Letter Together: Day One

August 16th, 2014, 6pm

It was 19.4°C with few clouds. The breeze was brisk.

The type designer Matthew Carter is often quoted as saying, “Type is a beautiful collection of letters, not a collection of beautiful letters,” meaning that it’s more important for the letters to function together than to be individually well-drawn. To put it another way, if individual letters are standing out more than others in a body of text, the typeface is not a well-drawn1. While I understand this in theory, when you spend two days drawing a handful of characters it’s hard not to get caught up in the small details that make each character unique. In fact, Letter Together, a workshop taught by Jessica Hische, is a crash course in looking at the details of type. Over the course of two days you do what most of us haven’t done since we first learned how to write, think about how each individual letter is constructed.

Day one is all analog, paper, pencils, erasers (lots and lots of erasers) with the occasional Sharpie thrown in when a soft pencil is simply not dark enough. The class begins with everyone looking at a typeface for a couple of minutes and then trying to redraw two or three assigned capital letters from memory. Sounds easy, right? Not so much. You’d be surprised what details, both large and small, you end up just not seeing. We’re so used to skating across the surface of words and sentences that we don’t notice the quality of the ice. Is it clear or cloudy? smooth or finely rippled? We only notice it when it breaks and interrupts our smooth forward motion. With the typefaces we used in class there were no such breaks. They are well designed and, since they are text faces, the details are subtle. Nothing flashy like leaves frozen in the ice. So there I am trying to recall and draw something that is designed not to call attention to itself. At the same time I’m wondering if the other eleven people busily sketching away have a better memory or drawing skills than I do. It can be a bit stressful. I did, however, have the advantage of having taken a one day version of this workshop in the past. I was planning on keeping this to myself, but that plan was quickly dashed when Jessica announced that since I was taking the class for the second time, she was switching up the format and making it harder by introducing lowercase letters in addition to the standard uppercase.

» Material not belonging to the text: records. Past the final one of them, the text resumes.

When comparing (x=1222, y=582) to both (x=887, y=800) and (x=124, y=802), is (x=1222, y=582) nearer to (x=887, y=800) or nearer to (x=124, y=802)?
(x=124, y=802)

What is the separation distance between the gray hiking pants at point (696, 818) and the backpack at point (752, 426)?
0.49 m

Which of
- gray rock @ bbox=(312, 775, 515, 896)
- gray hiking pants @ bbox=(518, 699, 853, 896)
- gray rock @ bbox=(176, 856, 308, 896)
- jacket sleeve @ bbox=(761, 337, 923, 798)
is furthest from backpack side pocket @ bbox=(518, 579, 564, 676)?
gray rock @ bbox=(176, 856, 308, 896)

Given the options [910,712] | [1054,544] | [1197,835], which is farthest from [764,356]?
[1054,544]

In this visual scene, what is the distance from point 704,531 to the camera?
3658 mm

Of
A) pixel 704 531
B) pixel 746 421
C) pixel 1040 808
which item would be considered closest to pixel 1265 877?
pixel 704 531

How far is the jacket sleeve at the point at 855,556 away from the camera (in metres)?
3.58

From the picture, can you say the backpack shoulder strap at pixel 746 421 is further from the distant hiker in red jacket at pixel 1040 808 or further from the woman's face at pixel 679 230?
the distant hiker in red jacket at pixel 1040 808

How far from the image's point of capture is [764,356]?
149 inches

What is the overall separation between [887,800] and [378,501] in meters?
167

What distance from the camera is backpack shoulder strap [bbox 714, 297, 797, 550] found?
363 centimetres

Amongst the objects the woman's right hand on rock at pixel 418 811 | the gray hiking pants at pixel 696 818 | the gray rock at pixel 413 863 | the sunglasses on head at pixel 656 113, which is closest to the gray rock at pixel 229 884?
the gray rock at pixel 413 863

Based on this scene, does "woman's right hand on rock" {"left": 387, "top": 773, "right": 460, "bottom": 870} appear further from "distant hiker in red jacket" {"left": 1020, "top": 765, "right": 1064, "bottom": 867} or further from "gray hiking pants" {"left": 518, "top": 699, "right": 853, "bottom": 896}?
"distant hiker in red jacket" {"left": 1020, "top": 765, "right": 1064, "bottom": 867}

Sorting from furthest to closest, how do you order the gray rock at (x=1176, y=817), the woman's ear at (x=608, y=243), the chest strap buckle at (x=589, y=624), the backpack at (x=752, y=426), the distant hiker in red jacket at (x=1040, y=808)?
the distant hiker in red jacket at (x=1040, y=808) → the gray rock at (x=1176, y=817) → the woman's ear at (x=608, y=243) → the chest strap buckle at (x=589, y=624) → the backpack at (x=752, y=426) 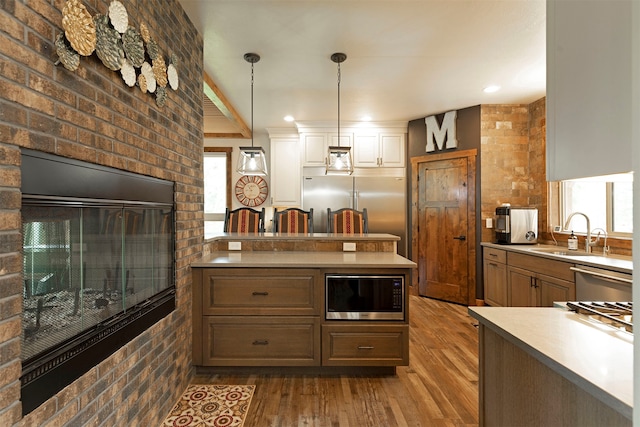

By the end of the first day each person has drawn both upper and lowercase versions of their letters. At a certain point the example typeface has been discarded and you’re drawing letters so that they match the ones you’ve already drawn. Each person is working on letters that are uniquely their own. The point of this exercise was not to recreate the original typeface, but to examine the details of letters and make sure that you are consistent with the application of those details within your own group of letters. Day two is all about turning those initial drawings into vector art in Illustrator.

I enjoy classes like this that take me out of my normal work routine and allow me to focus on one particular area of design. My challenge is that often these classes are populated by people in their twenties (and in this case a precocious 13 year old) and I feel that, even though I’ve been doing this for a while, I’m trying to make up for lost time.


  1. At least when you’re dealing with text faces. Display type is a whole other story.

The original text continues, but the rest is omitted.